Somos miles los activistas de la izquierda combativa, trabajadores y jóvenes comprometidos con la lucha por el socialismo y la autodeterminación, los que creemos que hay que levantar una alternativa unitaria contra el avance del fascismo: Frente Único, unidad de acción para ocupar las calles y no dejar espacio a esta escoria reaccionaria, a sus organizaciones, y a sus mentores capitalistas.

Un Frente Único que movilice con contundencia a miles de trabajadores contra la extrema derecha, que les enseñe el puño de nuestra clase. La acción colectiva es la clave, porque eleva el nivel de conciencia revolucionaria y fortalece la organización independiente de los trabajadores frente a la burguesía.
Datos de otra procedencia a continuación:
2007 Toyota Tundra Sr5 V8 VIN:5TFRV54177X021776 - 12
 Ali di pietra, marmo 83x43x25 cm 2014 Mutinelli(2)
Es importante, muy importante, unir a los sectores más veteranos con una juventud que, obviamente, rechaza las políticas fracasadas de la socialdemocracia. Confiar en las instituciones capitalistas, sea el parlamento vasco o el español, como antídoto contra el avance del fascismo, es un callejón sin salida. Para barrer a los fascistas hay que confrontar con el capitalismo y sus instituciones, defender que la expropiación de los bancos y los grandes poderes económicos es un paso necesario para resolver las acuciantes necesidades sociales.
Necesitamos volver al marxismo revolucionario, al programa del genuino socialismo y a los métodos de la lucha obrera.
Esta es la propuesta de Ezker Iraultzailea y te invitamos a discutirla para construir la resistencia antifascista, de clase y socialista.